Before you read on, you should try to figure out the answers yourself by doing the extremely simple but highly illuminating quizzes (far too simple to be called "exercise") provided in the links.
Quiz 1
How much energy is contained in 1 liter of gasoline?
Find out by using data you know about your car.
What you could get is shown in the following table.
Known Property SI units Stupid units
Mileage 10 km/l 23.5 miles/gallon
Range with full tank 500 km 311 miles
Engine Power P 100 kW 135 PS or horse powers
Average speed in going 500 km 120 km/h 74.6 miles/h
Average capacity of engine used 50 %  
Average efficieny h of engine used 0,3 or 33%  
Time t to cover 500 km 4.17 h  
Energy E consumed = 0,5Pt 208 kWh  
Energy EGcontained in 1 l of gasoline
= E/50 l ·h
12.6 kWh/l  
Not bad! The "official" number is EG » 10 kWh/l.

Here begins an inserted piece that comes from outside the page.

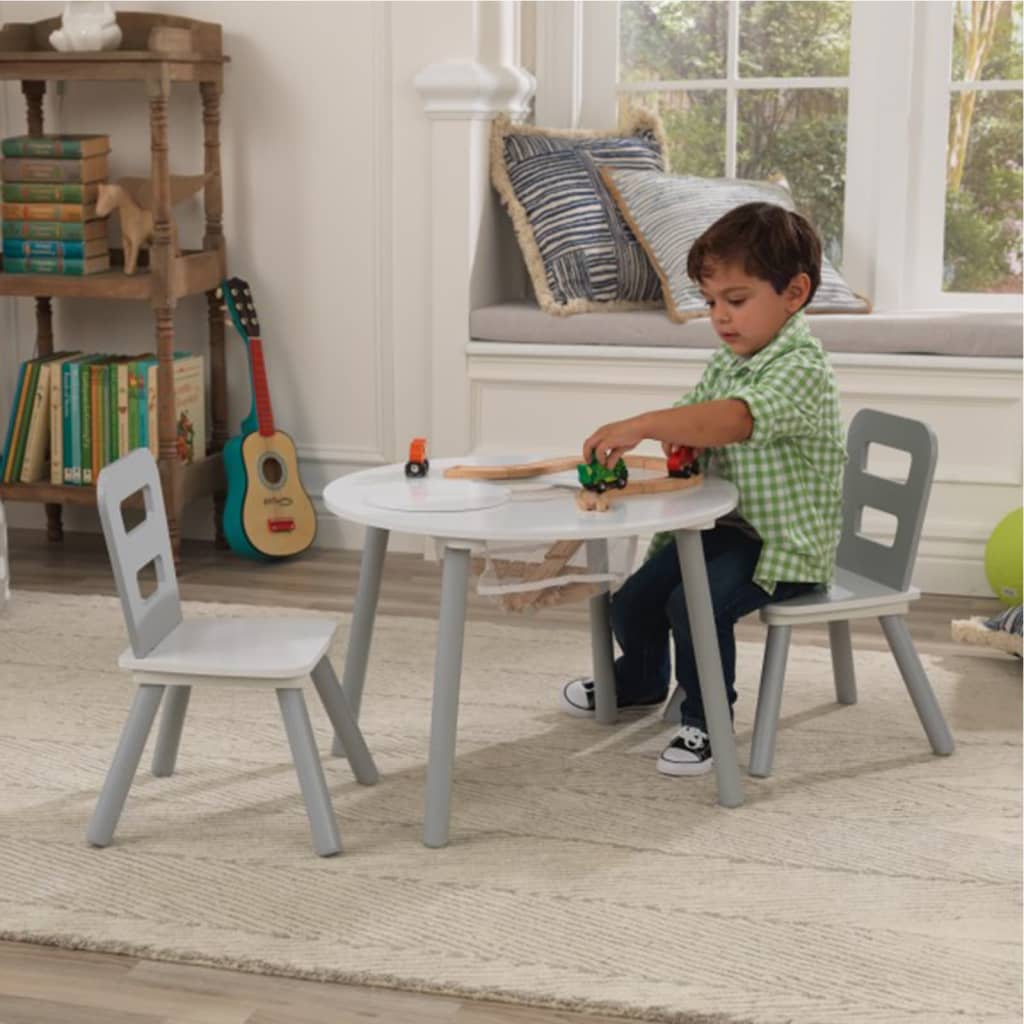 KidKraft opbevaringsbord og stolesæt til børn grå massivt træ 26166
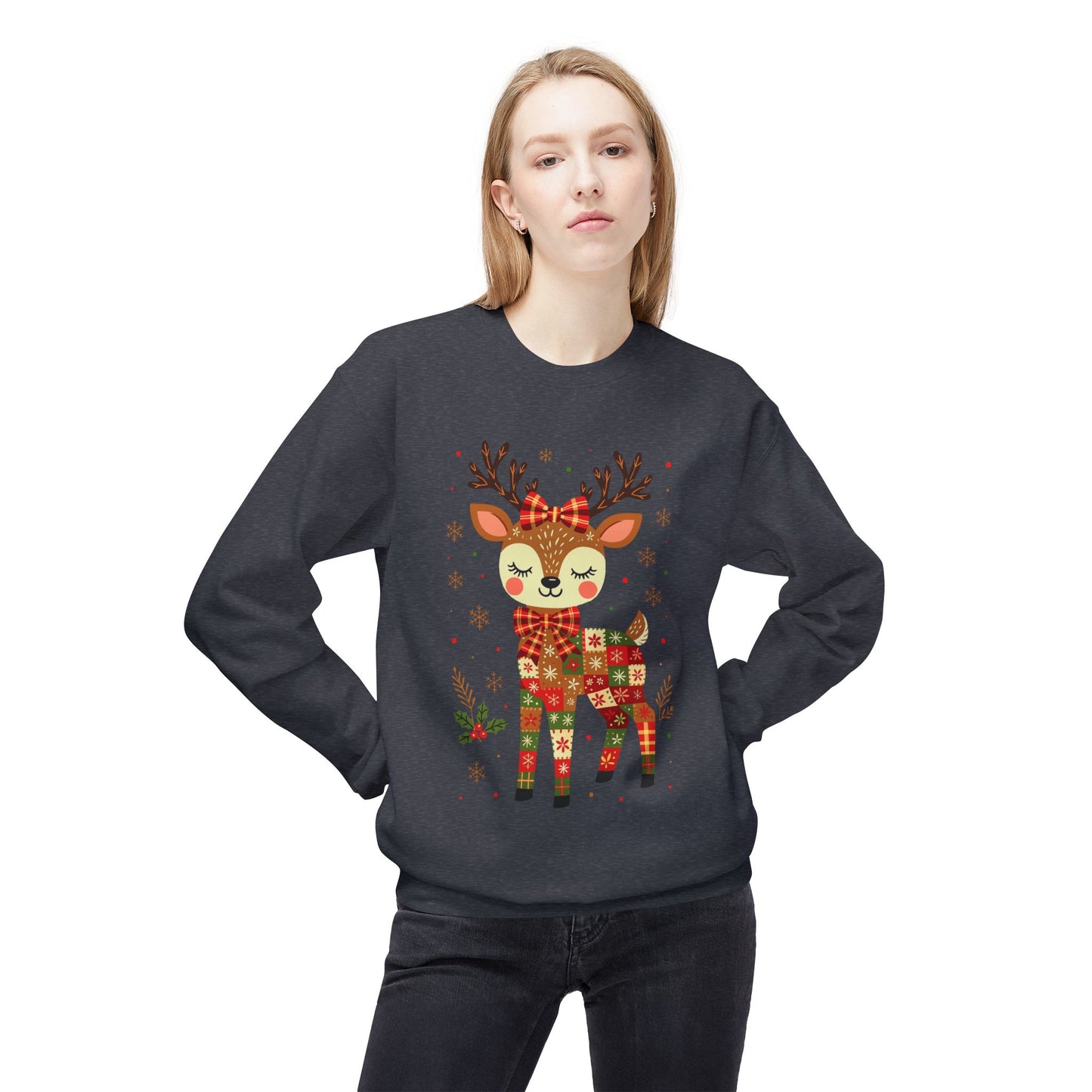 Christmas Patchwork Reindeer Sweatshirt Printify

The "»" sign alludes to the (small) differences between premium, diesel, and so on. Who cares. We are only concerned about orders of magnitude here.
Is a specific energy of around 10 kWh /l a large or small number? Find out yourself in the next quiz:
Quiz 2
How large or small are 10 kWh /l
- in comparison to known energy (densities).
Here are some answers: 1 kWh energy is stored or used up in
  • 0,1 l gasoline
  • Large (85 Ah) truck battery.
  • 0,25 kg dry wood
  • 7,3 t H2O in a reservoir with 50 m height difference.
  • A weight of 367 t lifted to 1 m.
  • 9,5 l brought to a boil (100 oC) from 10oC.
  • 100 h of bicycling at 100 W uses up the 10 kWh, moves you about 2.000 km, and works off about 17 Big Mac's.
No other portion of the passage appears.